Short web captions
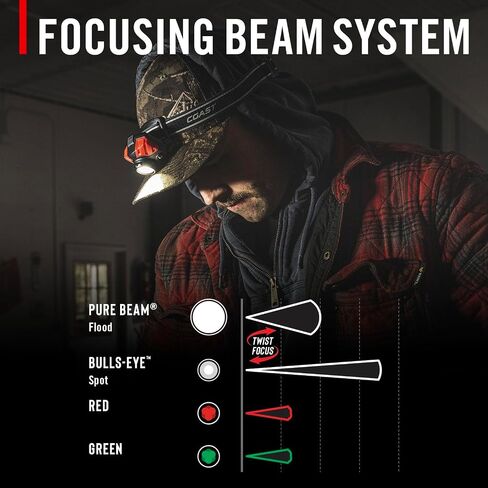 Coast® FL85R 1000 Lumen Tri-Color (White/Red/Green) Focusing Rechargeable LED Headlamp, Built-in Rechargeable Battery in Kuwait
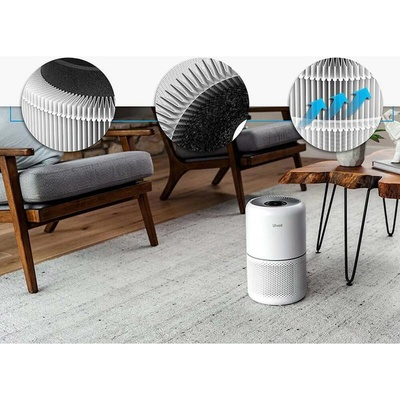 Levoit Core400S-RF - filter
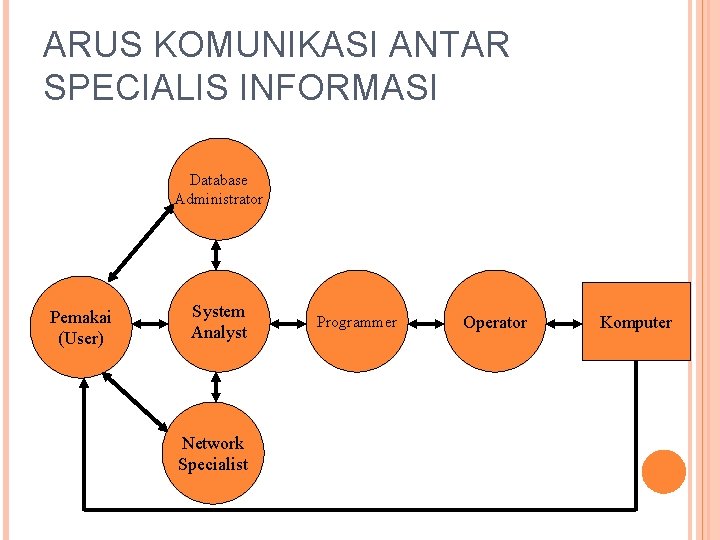 ARUS KOMUNIKASI ANTAR SPECIALIS INFORMASI Database Administrator Pemakai (User) System Analyst Network Specialist Programmer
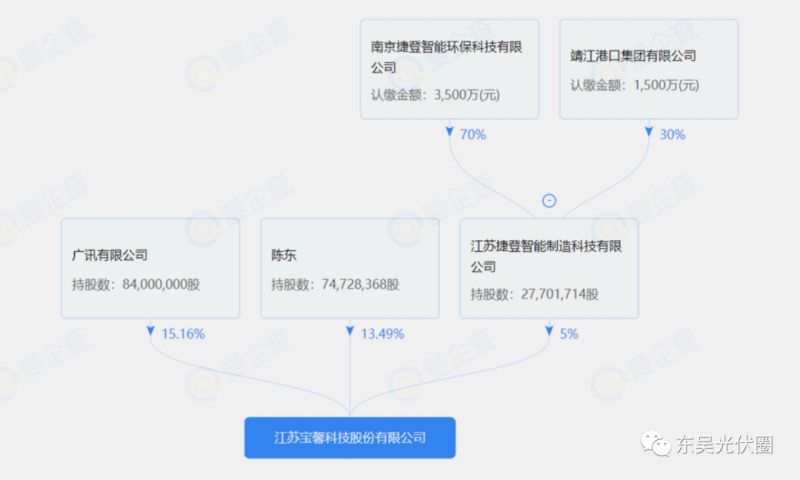 總投資約127.2億！捷登智能、寶馨科技18GW異質(zhì)結(jié)電池+8GW組件項(xiàng)目落戶懷遠(yuǎn)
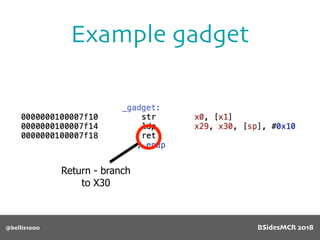 Example gadget
@bellis1000
Return - branch
to X30
BSidesMCR 2018
 
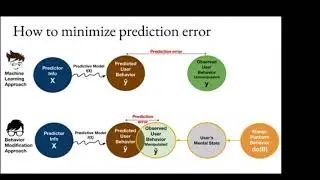 Wrestling Prediction Error: Better Predictions or Better 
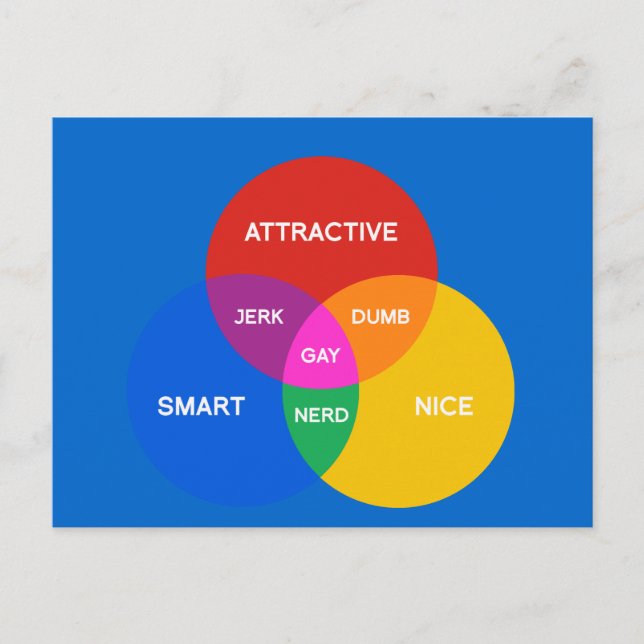 GAY VENN DIAGRAM VYKORT (Framsida)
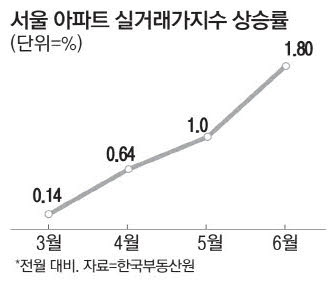 서울 아파트 실거래가지수도 16개월만 최대 상승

> GOAL OF THE EXERCISE
Here the lines from the one with "總投資約127.2億！捷登智" through the last line of the data above need to be repeated exactly, both included, and any picture omitted.

> TASK RESULT
 總投資約127.2億！捷登智能、寶馨科技18GW異質(zhì)結(jié)電池+8GW組件項(xiàng)目落戶懷遠(yuǎn)
 Example gadget
@bellis1000
Return - branch
to X30
BSidesMCR 2018
 
 Wrestling Prediction Error: Better Predictions or Better 
 GAY VENN DIAGRAM VYKORT (Framsida)
 서울 아파트 실거래가지수도 16개월만 최대 상승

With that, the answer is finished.